You've decided your property needs ongoing security. You've gotten proposals from a few companies. Now you're sitting across from a salesperson — or on the phone — and you need to figure out whether this company is actually going to protect your warehouse, medical center, shopping center, or construction site. Or whether they're just good at selling.

These 10 questions are the ones we'd want every property manager and business owner to ask. They're designed to reveal the real quality of a security provider — not just the pitch. Print them out. Bring them to your next vendor meeting. Ask every company the same questions and compare the answers side by side. The differences will be obvious.

From 28 years of doing this, here's what actually matters.

The 10 Questions

  1. "What is your PPO license number, and can I verify it right now?"
  2. "What does your General Liability and Workers' Comp coverage look like?"
  3. "How do you select and train the guard who will be assigned to my site?"
  4. "What happens if my assigned guard doesn't show up for a shift?"
  5. "Can I see a sample post order or security plan for a property like mine?"
  6. "How do you verify that guards are actually patrolling and not sleeping?"
  7. "What's your response time if I call with an emergency at 2 AM?"
  8. "What does the cancellation clause look like?"
  9. "Can you provide references from businesses similar to mine?"
  10. "What's included in the hourly rate, and what costs extra?"

"What is your PPO license number, and can I verify it right now?"

This is the first question, and it sets the tone.
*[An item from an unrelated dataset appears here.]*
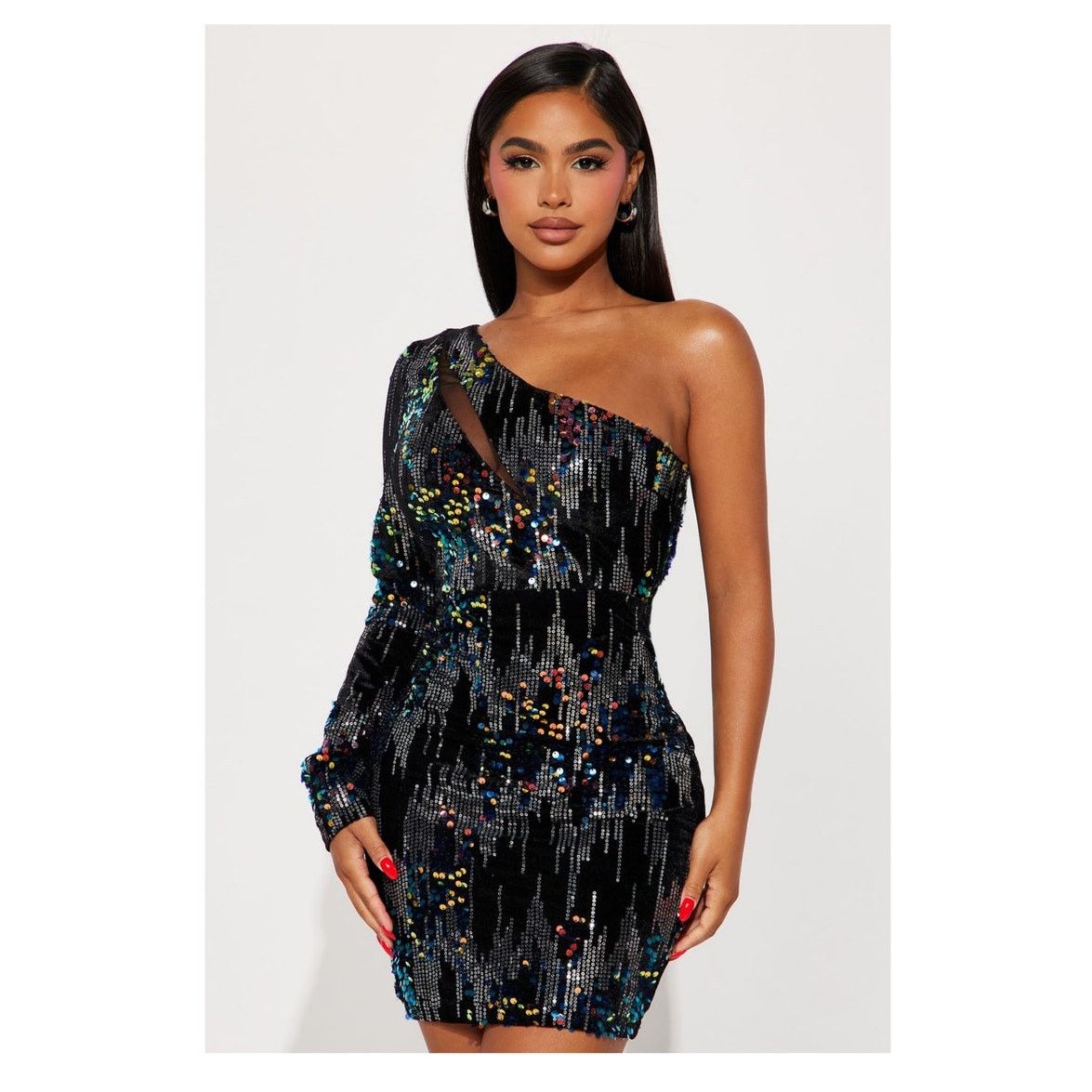 Other Fashion Nova Paulina Black Multi Sequin Mini Cocktail Dress Size XS / US 0-2 / IT 36-38 - 2 Thumbnail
You're serious. You're doing diligence. If they're legit, they'll appreciate it. If not, you'll know immediately because they'll get nervous or give you a runaround.

California law is clear: any company providing security has to be licensed as a Private Patrol Operator (PPO). That's not optional. The Bureau of Security and Investigative Services (BSIS) issues these licenses and maintains a public registry. Ask for the number right there in the conversation. Then go to search.dca.ca.gov and verify it yourself while you're talking to them if possible. Our license is PPO-12958. That's what you're checking for — active status, no unresolved complaints, expiration date still valid.

Why this matters: An unlicensed operator might seem cheaper in the short term, but if something happens on your property — a crime, an injury, a lawsuit — you could be liable. The company might disappear. You won't. This is the first line of vetting. If they hesitate to provide it or the number doesn't check out, walk away.

Learn more about California security licensing requirements →

"What does your General Liability and Workers' Comp coverage look like?"

Ask for a Certificate of Insurance before you sign anything. You need to know the actual amounts and that it's current. Standard minimums are $1 million General Liability per incident and $2 million aggregate. Some property management companies require even more — $2M/$3M or higher depending on property type and occupancy.

Workers' compensation is separate and critical. If your guard is on-site 40+ hours per week, they're a regular employee relationship. If they get hurt — slip on your warehouse floor, have a back injury while standing post, get assaulted during an incident — workers' comp covers their medical treatment and lost wages. If the company doesn't carry it, that bill could come to you.

Don't just take their word for it. Ask to see the actual Certificate of Insurance. Reputable companies will have this ready. It should list your property as an additional insured if applicable. If they get evasive or say "we don't do that," that's a massive red flag. They're either cutting corners or they're not operating legitimately.

This protects both sides. It shows they're professional enough to carry proper coverage, and it protects your business from inheriting their liability.

"How do you select and train the guard who will be assigned to my site?"

This separates companies that actually think about fit from ones that just send whoever's available. The best providers match guards to facility types. A warehouse needs different skills than a medical center lobby. A shopping center patrol needs different training than construction site security.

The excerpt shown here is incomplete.